Sunday, May 2, 2010

turqoise, red wine or pink nails?

I really hate cleaning. I've been doing it in bits and pieces and it's reached such a place that .... well maybe my life has reached such a place that it needs to be done sooner and in bigger groups. I'm still 3 days away from knowing about lab results. From what I've read, at this point it's basically either a result of cancer or not-cancer-yet. Which isn't encouraging. I made my life a lot more complicated earlier this week. That coupled with the temp isn't doing wonders for my disposition, but i'm staying busy ... thus the cleaning. I did alot of shopping this weekend. Spent more than I had planned, but not beyond what i can afford and not on stupid things. Selfish, but not not horribly stupid. I bought organizational supplies, clothes, and shoes. Buying shoes is wonderful, lol. I might've overdone that a bit. I need to upgrade my phone, the $10 i paid for it six months ago have long been used up I guess. If I can unstick the #6 I might keep it until next paycheck. I've sort of been avoiding people today and sort of for a few days. I've even kind of avoided social media. I just find myself sort of bitter and I don't like it so I'm avoiding triggers for such. Bitter might be an understatement. On the positive side, the roommate apparently finds me as irritating as I find her. Which means she is actively looking for a place to move to and could be gone as early as the 15th. Which means I don't necessarily have to move. Which would save me money and time and favors. Mom's coming up this week for work and for a very short visit.
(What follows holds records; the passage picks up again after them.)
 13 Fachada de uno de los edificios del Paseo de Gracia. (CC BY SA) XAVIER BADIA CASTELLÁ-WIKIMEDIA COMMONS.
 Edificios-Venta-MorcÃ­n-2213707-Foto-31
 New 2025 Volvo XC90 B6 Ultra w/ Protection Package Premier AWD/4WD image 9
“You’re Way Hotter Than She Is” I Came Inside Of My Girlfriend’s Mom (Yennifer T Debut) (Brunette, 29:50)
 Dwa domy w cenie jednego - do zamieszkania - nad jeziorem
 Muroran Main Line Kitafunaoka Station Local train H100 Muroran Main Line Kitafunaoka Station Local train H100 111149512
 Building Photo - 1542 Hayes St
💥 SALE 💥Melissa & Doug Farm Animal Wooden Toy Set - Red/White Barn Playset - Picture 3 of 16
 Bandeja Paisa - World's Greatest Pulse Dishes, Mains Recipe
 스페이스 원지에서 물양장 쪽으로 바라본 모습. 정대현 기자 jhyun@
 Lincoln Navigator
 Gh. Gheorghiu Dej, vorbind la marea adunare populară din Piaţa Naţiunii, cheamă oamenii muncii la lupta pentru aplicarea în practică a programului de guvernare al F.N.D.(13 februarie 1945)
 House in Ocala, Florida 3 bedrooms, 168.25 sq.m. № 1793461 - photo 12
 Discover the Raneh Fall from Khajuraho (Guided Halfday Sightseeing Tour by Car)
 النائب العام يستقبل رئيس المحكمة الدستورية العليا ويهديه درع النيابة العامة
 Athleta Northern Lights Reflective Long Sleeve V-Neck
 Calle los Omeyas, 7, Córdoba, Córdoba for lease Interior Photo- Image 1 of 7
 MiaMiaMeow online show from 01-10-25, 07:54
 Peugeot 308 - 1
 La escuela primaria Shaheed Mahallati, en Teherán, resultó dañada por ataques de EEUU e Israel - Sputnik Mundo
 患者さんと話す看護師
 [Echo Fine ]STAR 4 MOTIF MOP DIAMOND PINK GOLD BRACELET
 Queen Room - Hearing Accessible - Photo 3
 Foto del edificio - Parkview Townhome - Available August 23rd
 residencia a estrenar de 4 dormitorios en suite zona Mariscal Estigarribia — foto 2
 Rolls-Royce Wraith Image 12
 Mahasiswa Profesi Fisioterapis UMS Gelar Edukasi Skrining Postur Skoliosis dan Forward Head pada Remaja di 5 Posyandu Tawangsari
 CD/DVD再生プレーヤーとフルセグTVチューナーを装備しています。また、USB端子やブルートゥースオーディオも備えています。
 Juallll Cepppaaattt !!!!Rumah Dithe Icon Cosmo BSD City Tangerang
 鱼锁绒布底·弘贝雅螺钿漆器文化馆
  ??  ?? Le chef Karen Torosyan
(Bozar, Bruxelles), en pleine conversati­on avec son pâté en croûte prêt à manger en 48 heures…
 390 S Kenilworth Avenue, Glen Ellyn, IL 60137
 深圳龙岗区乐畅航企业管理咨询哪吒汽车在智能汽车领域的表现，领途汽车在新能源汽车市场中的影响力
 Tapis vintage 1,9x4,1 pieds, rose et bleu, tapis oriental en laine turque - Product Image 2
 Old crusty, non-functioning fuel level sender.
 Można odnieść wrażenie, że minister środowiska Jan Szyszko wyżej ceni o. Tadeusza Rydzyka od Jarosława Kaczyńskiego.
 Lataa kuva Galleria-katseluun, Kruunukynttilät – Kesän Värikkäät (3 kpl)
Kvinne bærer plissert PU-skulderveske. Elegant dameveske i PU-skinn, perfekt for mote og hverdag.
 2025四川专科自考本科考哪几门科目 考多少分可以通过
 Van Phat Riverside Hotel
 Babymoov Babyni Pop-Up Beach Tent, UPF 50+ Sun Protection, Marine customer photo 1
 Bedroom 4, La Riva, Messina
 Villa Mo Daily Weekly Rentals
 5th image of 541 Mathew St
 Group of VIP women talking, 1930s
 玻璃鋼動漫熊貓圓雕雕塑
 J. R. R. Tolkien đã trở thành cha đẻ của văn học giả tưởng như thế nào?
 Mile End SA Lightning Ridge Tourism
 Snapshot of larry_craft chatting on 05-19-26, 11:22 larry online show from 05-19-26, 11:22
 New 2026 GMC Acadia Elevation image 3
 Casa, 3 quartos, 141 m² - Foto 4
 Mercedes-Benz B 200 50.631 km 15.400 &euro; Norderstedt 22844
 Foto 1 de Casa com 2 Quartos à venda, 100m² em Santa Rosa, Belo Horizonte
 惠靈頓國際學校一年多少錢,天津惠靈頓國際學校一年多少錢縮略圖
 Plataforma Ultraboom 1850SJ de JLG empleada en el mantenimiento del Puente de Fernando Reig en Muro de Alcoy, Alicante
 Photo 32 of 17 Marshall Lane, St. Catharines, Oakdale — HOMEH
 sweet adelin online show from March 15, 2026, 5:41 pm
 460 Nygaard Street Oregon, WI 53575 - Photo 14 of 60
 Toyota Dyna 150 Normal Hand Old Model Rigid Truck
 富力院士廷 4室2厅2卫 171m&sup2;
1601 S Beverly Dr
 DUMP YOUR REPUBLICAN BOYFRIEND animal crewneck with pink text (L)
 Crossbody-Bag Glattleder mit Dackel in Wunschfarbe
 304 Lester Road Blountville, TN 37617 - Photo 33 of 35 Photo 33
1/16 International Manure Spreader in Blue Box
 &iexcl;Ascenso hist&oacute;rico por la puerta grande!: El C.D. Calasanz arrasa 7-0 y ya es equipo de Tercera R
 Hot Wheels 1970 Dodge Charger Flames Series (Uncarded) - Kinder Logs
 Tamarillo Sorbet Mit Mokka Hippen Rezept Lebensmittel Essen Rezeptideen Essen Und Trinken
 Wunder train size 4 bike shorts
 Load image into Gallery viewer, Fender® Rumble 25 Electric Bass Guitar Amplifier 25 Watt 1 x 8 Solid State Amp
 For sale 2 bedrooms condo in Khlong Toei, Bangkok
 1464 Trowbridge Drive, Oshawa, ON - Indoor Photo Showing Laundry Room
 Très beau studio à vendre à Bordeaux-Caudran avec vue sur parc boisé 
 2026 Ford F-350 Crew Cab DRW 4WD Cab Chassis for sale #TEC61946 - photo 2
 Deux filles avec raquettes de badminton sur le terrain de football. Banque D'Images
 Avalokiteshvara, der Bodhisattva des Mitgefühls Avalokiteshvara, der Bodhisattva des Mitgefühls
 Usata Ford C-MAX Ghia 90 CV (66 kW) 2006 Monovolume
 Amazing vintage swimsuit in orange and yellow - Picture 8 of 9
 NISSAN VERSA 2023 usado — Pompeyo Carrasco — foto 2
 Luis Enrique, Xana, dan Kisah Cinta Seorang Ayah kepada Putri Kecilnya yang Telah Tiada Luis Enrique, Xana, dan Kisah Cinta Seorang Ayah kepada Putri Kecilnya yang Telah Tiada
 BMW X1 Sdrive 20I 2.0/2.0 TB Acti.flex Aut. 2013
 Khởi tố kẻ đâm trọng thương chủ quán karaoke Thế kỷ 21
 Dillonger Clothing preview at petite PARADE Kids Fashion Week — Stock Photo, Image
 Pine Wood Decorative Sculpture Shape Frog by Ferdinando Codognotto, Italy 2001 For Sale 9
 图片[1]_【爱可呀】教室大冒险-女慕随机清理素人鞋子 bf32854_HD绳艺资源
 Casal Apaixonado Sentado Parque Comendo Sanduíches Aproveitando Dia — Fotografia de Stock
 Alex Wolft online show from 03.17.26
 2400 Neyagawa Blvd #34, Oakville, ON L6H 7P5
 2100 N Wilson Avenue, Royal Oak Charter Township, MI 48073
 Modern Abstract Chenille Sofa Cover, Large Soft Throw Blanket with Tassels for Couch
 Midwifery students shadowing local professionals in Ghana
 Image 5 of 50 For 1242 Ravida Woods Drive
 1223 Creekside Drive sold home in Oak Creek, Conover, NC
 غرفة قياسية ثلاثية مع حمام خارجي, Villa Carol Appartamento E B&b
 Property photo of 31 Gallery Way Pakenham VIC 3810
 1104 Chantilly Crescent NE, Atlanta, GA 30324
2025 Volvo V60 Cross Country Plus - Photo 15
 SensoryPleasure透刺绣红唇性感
Dinner and a movie scheduled with her the night she comes in. I picked up new shirts to layer under softball and kickball clothes. Kickball is a very different group and I don't want to go down that road. I feel like I have this HUUUUUUUUUUGGGGGGGGGGEEEEEEEEE well of things to say to oz and about my relationship with oz but it's just never the time or place. Back to cleaning and laundry. Hair to dye, dishes to wash, stuff to freecycle and tears not to cry.


PS Will my mom notice the dog hair on the stairs if I don't get to sweep it before she gets here? (I think yes.)